Aim: To examine whether depressive symptoms are associated with the effectiveness of lifestyle counseling on cardio-metabolic risk profile and glucose homeostasis during one-year follow-up in individuals at high risk for type 2 diabetes (T2D).
Methods: A total of 10,149 individuals took part in the implementation project of the national diabetes prevention program (FIN-D2D) conducted in primary health care setting in Finland. At baseline, altogether 2798 non-diabetic individuals participated in the one-year follow-up, and 2275 of them had at least one group or individual counseling visit.

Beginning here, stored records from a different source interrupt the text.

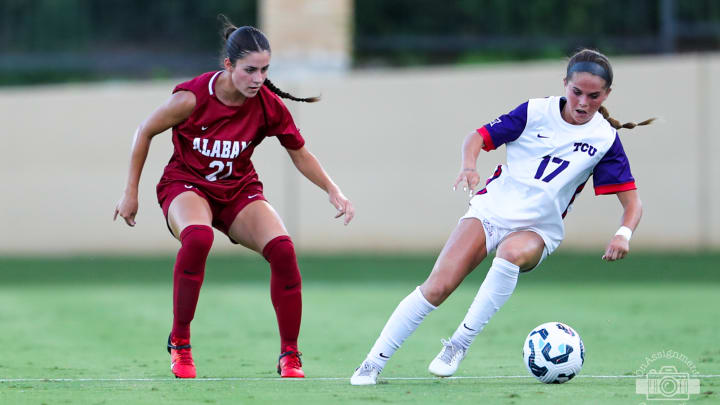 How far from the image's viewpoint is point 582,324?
884 cm

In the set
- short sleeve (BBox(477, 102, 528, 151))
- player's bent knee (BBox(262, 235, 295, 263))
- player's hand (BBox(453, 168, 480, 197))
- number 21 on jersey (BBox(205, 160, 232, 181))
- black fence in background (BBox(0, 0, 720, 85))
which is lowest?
black fence in background (BBox(0, 0, 720, 85))

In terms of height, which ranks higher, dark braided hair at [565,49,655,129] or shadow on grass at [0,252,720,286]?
dark braided hair at [565,49,655,129]

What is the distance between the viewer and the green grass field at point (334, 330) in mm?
5457

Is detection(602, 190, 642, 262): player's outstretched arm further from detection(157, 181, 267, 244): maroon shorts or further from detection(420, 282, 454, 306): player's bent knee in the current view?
detection(157, 181, 267, 244): maroon shorts

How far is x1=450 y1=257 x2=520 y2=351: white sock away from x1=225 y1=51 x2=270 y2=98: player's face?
1534 millimetres

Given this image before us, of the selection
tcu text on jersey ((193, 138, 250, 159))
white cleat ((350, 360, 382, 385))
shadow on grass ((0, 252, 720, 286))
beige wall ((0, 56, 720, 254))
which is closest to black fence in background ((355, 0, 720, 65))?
beige wall ((0, 56, 720, 254))

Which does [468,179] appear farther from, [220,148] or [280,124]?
[220,148]

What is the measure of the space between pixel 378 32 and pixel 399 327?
39.6ft

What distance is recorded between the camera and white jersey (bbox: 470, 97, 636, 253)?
5.85 meters

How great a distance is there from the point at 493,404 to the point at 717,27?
1251 centimetres

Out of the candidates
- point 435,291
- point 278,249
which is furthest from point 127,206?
point 435,291

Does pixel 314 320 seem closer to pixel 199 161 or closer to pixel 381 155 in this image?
pixel 199 161

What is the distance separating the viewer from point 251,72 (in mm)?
5980

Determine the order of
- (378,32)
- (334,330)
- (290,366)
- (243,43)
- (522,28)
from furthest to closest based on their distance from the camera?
(378,32) → (522,28) → (334,330) → (290,366) → (243,43) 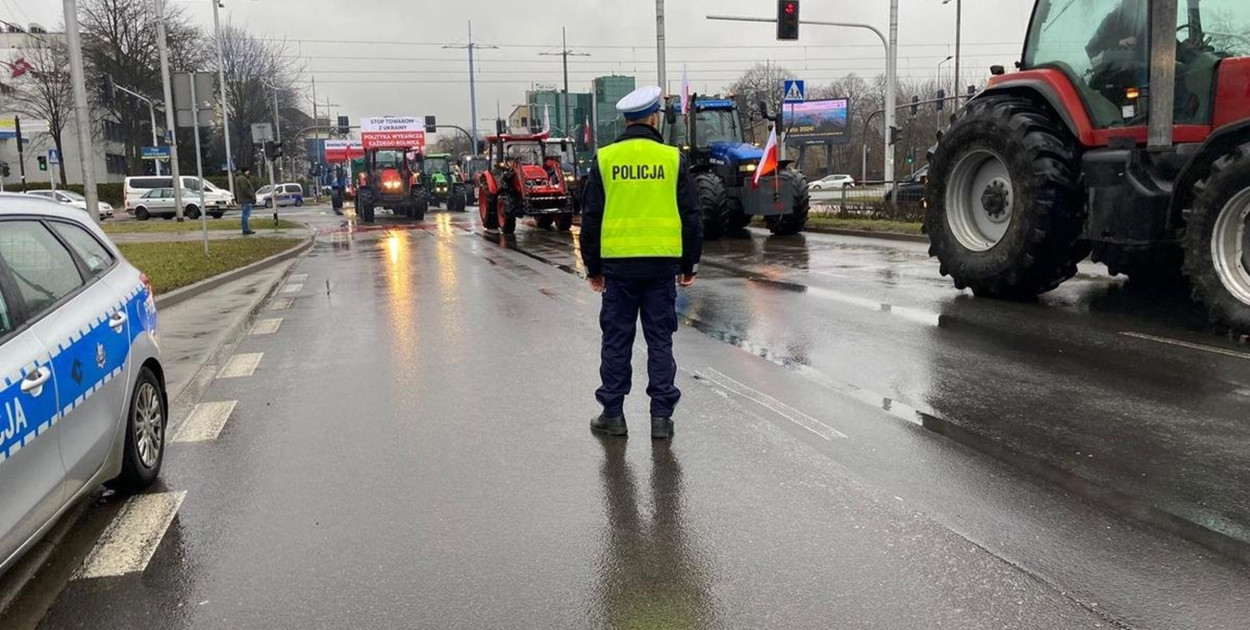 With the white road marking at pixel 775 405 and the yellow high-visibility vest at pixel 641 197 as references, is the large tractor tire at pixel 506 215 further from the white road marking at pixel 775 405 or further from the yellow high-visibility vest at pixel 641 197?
the yellow high-visibility vest at pixel 641 197

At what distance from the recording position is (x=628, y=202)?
17.0ft

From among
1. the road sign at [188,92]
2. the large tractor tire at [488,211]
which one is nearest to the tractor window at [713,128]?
the large tractor tire at [488,211]

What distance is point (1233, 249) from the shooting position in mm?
7207

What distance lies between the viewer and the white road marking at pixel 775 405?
5242 mm

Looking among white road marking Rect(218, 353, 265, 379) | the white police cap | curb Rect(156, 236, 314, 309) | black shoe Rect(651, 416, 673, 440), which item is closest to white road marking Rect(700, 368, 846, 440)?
black shoe Rect(651, 416, 673, 440)

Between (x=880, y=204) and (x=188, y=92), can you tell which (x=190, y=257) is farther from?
(x=880, y=204)

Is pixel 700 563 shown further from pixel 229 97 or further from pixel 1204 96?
pixel 229 97

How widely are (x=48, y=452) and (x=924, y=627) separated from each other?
10.5 ft

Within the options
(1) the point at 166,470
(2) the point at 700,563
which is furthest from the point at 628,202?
(1) the point at 166,470

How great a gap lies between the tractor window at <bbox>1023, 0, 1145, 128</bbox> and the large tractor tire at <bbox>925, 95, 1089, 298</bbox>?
1.61ft

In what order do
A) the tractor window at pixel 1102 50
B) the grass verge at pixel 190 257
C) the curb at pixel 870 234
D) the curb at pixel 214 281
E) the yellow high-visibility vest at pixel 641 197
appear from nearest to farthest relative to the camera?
the yellow high-visibility vest at pixel 641 197 → the tractor window at pixel 1102 50 → the curb at pixel 214 281 → the grass verge at pixel 190 257 → the curb at pixel 870 234

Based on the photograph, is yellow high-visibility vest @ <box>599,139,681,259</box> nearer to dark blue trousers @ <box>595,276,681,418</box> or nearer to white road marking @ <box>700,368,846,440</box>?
dark blue trousers @ <box>595,276,681,418</box>

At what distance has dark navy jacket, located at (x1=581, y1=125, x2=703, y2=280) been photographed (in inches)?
205

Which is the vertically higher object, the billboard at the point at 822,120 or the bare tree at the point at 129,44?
the bare tree at the point at 129,44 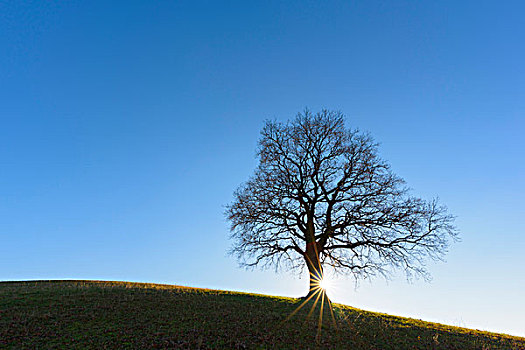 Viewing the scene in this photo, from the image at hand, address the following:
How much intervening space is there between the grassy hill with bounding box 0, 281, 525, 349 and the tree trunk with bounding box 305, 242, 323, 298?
198 centimetres

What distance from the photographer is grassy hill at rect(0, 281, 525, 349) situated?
13.1 meters

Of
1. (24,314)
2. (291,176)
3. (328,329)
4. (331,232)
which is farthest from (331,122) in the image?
(24,314)

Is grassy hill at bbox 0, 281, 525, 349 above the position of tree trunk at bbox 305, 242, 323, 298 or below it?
below

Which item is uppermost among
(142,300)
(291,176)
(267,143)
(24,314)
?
(267,143)

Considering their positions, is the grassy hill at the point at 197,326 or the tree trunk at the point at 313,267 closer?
the grassy hill at the point at 197,326

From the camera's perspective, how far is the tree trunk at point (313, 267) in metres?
22.5

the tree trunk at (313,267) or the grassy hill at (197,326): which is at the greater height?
the tree trunk at (313,267)

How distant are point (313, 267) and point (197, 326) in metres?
10.4

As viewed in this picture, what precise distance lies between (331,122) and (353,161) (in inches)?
135

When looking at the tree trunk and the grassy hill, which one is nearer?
the grassy hill

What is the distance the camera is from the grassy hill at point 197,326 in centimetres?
1310

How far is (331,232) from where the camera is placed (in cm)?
2325

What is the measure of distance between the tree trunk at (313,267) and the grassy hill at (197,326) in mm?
1979

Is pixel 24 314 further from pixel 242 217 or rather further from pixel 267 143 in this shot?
pixel 267 143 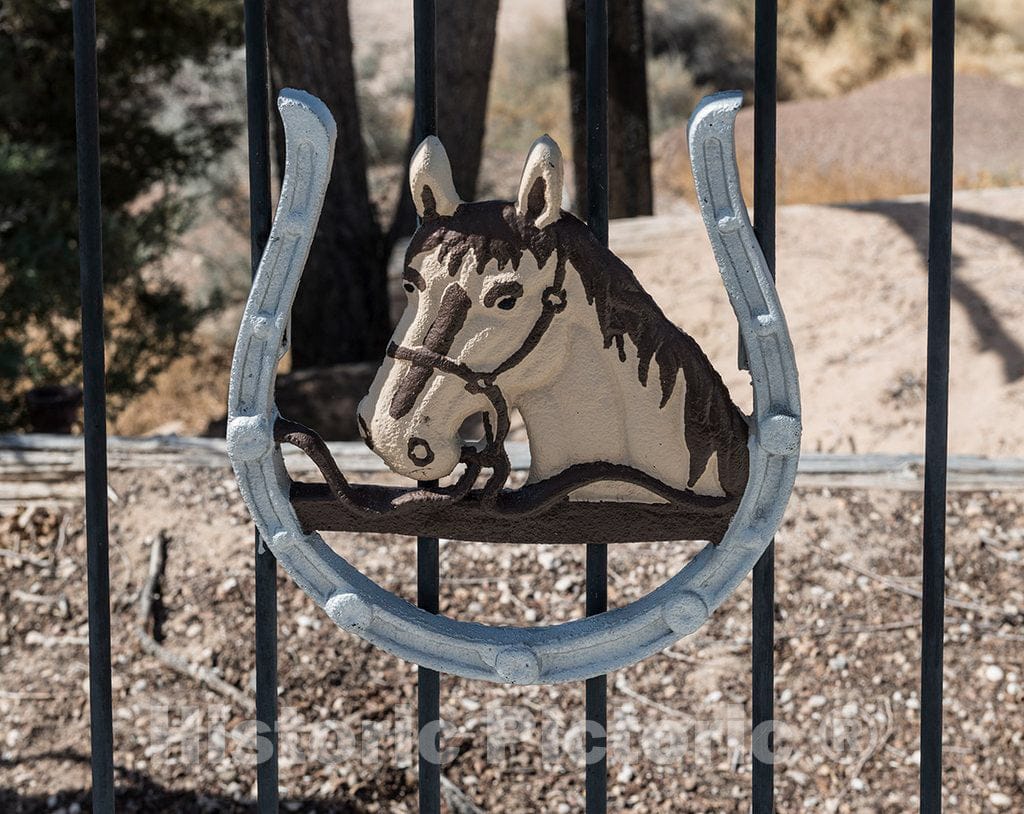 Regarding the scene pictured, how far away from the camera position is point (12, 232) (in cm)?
521

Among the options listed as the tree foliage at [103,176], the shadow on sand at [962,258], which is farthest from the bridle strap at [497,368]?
the tree foliage at [103,176]

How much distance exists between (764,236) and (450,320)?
363 mm

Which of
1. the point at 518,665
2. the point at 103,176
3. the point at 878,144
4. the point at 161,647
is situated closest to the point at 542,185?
the point at 518,665

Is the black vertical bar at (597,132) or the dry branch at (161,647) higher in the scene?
the black vertical bar at (597,132)

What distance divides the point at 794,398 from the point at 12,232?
15.3ft

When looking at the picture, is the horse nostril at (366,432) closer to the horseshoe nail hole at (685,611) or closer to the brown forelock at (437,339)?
the brown forelock at (437,339)

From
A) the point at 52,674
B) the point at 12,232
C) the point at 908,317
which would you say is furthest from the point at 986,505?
the point at 12,232

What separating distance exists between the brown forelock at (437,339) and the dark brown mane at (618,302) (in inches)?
1.2

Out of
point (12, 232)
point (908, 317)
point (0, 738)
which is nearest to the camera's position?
point (0, 738)

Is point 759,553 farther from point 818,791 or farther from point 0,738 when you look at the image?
point 0,738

Results: 4.0% of the individuals (n=78) had depressive symptoms, while 96.0% (n=1889) were free of depressive symptoms at baseline. Individuals who had depressive symptoms had higher body mass index and waist circumference at baseline than individuals without depressive symptoms. In terms of changes in cardio-metabolic risk profile and glucose homeostasis the effectiveness of lifestyle counseling was parallel between individuals with and without depressive symptoms during the one-year follow-up.
Conclusions: Effectiveness of lifestyle counseling did not differ between individuals with and without depressive symptoms. Individuals with depressive symptoms should not be excluded from lifestyle intervention programs.
Keywords: Cardio-metabolic risk profile; Depressive symptoms; Glucose homeostasis; Lifestyle intervention; Primary health care.